Reply-To: "Michael Baer" <[email protected]>

A Remarkable Journey: Reflections of a MoveOn Petitioner    

Early January, 2017 Eight weeks ago, Donald Trump was elected president of the United States. The MoveOn petition that I had authored on a lazy afternoon in the summer of 2012 suddenly came roaring into significance. It gained a half million signatures to abolish the Electoral College (EC), in the first six days after the election.    I knew that such a petition, no matter how many signatures it received, would not be easily translated into successfully ending the EC. Since the Bill of Rights was approved in 1791, only 17 amendments have been successful and only two in the last 55 years. A supermajority of two-thirds of each house of Congress is required, and then it must be ratified within 7 years by three-fourths of all the various states. That means 34 Senators, or 13 states can block any amendment. I also learned that attempts to get rid of the EC have been tried numerous times. The greatest number of failed attempts to amend the constitution is this anachronism from our foundational document.

These are challenging obstacles under any circumstance. The framers intended it to be that way. But we live in a particularly polarizing era, and the candidate of the minority has just been awarded the keys to the kingdom. His base is mobilized. To abolish the college under these circumstances would be about as easy as breaking into Fort Knox using a biodegradable spoon and a toothbrush.
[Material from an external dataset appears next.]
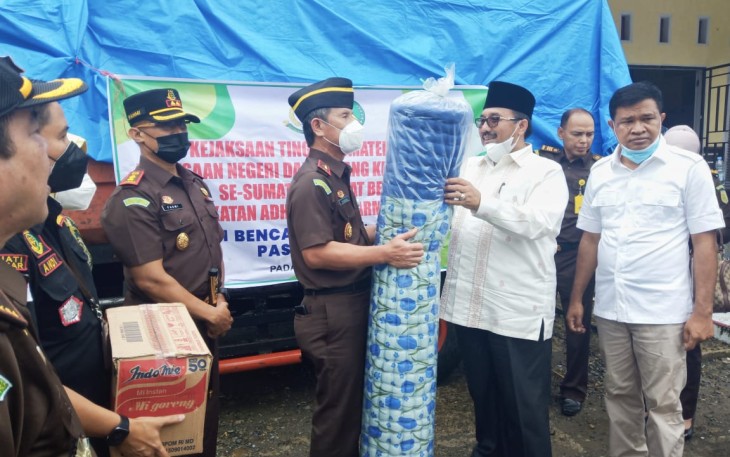 Penyerahan bantuan untuk korban gempa Pasaman, oleh Kajati Sumbar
But back in mid-November, with the momentum of 500,000 fresh signatures, it still felt possible, and worthy of my best effort. The strategy quickly formed to develop a Facebook (FB) Community Page to create “views” and “likes” to drive new people to signing the petition, and to use the increasing popularity of the page to try to win celebrity endorsements of one kind or another. The FB page would act as a forum for conversations, brainstorming, sharing of information and dialogs as an attempt to create a community “brain” capable of meeting the challenges, while simultaneously trusting that opportunities would present themselves for meaningful action as the story unfolded. Build it… and the path forward will emerge.

What emerged was an engaging drama. Trump chose unconventional (and often frightening) cabinet appointments. He engaged in twitter conflicts with China, Saturday Night Live, the Press, and others. We learned more about Russian hacking. Jill Stein raised $7 million in four days to investigate voting anomalies in Midwestern mid-sized swing states. Those state courts shut her down, but not before she exposed serious voter suppression activity, and legitimate suspicions of outright voter fraud.  A group calling themselves the Hamilton Electors raised the specter that electors had a duty to vote their conscience; country over party. Although it was an admitted longshot we watched with interest to see if the effort might flip the outcome or present the House with a compromise Republican alternative to Trump or Clinton. Our FB page reported all of it and more, posting three to five times daily on the various threads and stories, and in the process grew a following currently at 21,700.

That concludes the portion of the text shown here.